From this table, we need to isolate the variables we are interested in. These columns include sex, disease classification (num), cholesterol levels (chol), resting electrocardiogram (ECG) results (rest_ecg), and maximum heart rate achieved (thalach). This is also known as the wrangling process. We mutated the sex variable to tell us female or male for clarity.

In [None]:
cleveland_wrangled <-cleveland_data|>
            select("sex", "num", "chol", "restecg", "thalach")|>
            mutate(sex = as_factor(sex)) |>
            mutate(sex = fct_recode(sex, "female" = "0", "male" = "1"))
cleveland_wrangled

Next, we can also summarize the wrangled data to get a premilinary look at our data distribution and averages. The first part looks at the distribution between female and male data points.

In [None]:
num_obs <- nrow(cleveland_wrangled)
cleveland_obs <- cleveland_wrangled |>
        group_by(sex)|>
        summarize(count = n(), percentage = n() / num_obs * 100)
cleveland_obs

We see here that the percentage of male oberservations dominate the number of female observations in the data set.

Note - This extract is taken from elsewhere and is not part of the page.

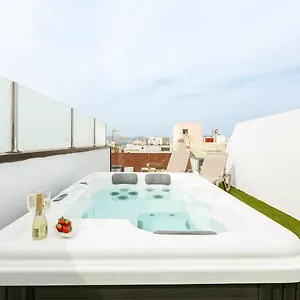 Luxury Penthouse With Jacuzzi La Strada Apartamento Las Palmas de Gran Canaria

Secondly, we can find the mean values of each of the variables to get a feel for how the data varies for each sex.

In [None]:
cleveland_sum <- cleveland_wrangled |>
        group_by(sex)|>
        summarize(chol_mean = mean(chol), num_mean = mean(num), restecg_mean = mean(restecg), thalach_mean = mean(thalach))
cleveland_sum

Through finding the means for each testing variable, we can see what values each variable leans towards for each sex. Though num and restecg usually have integer values, we can see through the means what number most of the respective female and male population leans towards.

Finally, using the next step, we can see if there are any missing values that might end up being a problem in our data analysis.

In [None]:
cleveland_missing <- sum(is.na(cleveland_wrangled))
cleveland_missing

We can see that there are no missing values detected in our data. Thus, we can go ahead without any extra steps and use the wrangled data for our next steps.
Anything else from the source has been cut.